The rigidity and inflexibility of government pay scales and the resulting wage compression in the public sector have long been identified as a contributing factor to the hemorrhaging of talent.    One academic study found that since 1970 high skill, private sector workers have become increasingly less likely to leave the private sector to serve in the public sector.  At the same time high skill public sector workers have become increasingly more likely to exit to the private sector.   Notably, within the public sector workforce, the top third of public sector wage earners featured quit rates far exceeding the lower two-thirds leading the researchers to conclude, “in determining the public sector’s ability to attract and retain a high quality workforce … the analysis suggests future policy discussions of public sector wages need to pay a great deal more attention to the relative dispersion in the income opportunities afforded to government workers.”[6]  In other words, how you pay, not just what you pay, matters.

Questionable and outdated job evaluation findings, often tone deaf to labor market realities, make the problem worse.    For example, the class description of the state government’s mid-level information technology specialist (Information Technology Specialist 3) contains the following content:

  • Differentiation from lower class levels – “Employees are responsible for independently completing projects or significant parts of large projects.  They define what needs to be done rather than complete projects that are outlined for them by others … Participates in analyzing and designing systems, networks and applications rather than implementation only.”
  • Examples of work – “Examines the status and operation of existing systems and recommends or performs corrective measures.

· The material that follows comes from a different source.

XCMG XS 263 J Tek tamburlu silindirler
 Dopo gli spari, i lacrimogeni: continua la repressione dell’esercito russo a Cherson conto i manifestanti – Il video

Coordinates work efforts so that standard methods and procedures are employed and time and cost commitments are achieved. Performs detailed analysis of modifications to existing systems.”
  • Abilities – “Project future MIS needs, analyze/develop alternatives, and recommend action sufficient to provide technical assistance to management in the long-range planning process. Assess operations (equipment, staff, training, etc.) needs sufficient to establish priorities and develop budget recommendations.  Understand, evaluate, assess and implement complex data processing systems, software and equipment sufficient to make recommendations for purchase and implementation.”

State job evaluations deem this job of less value to government than, among many other occupations, a Zoo Guest Services Supervisor and a Central Mail Supervisor.  It’s circumstantial evidence of one of the common criticisms among human resource professionals of these types of evaluations -- a bias of projecting greater value onto positions having responsibilities for managing people. 

A further contributing factor to the state’s competitiveness problem is the use of “steps” -- which one human resource expert describes as the “quiet, automatic, uncontroversial, unnoticed, seniority-based progressions based on nothing but time.”   These annual adjustments are applied uniformly across the classified government workforce[7] and use tenure as a proxy for acquiring skills, knowledge, and capabilities.   Steps have a significant compounding effect on compensation levels when combined with cost of living adjustments that are also employed uniformly across the workforce.   For example, the new Minnesota Association of Professional Employees (MAPE) contract features step increases of 3.6% per year and cost of living increases of 2.25% and 2.5% over the next two years respectively.  Thus, the total salary increase for step-eligible MAPE employees over the two year contract period is 12.5% (1.0225 x 1.036 x 1.025 x 1.036).   According to the Subcommittee on Employee Relations, about 57% of MAPE members are eligible for these step increases. 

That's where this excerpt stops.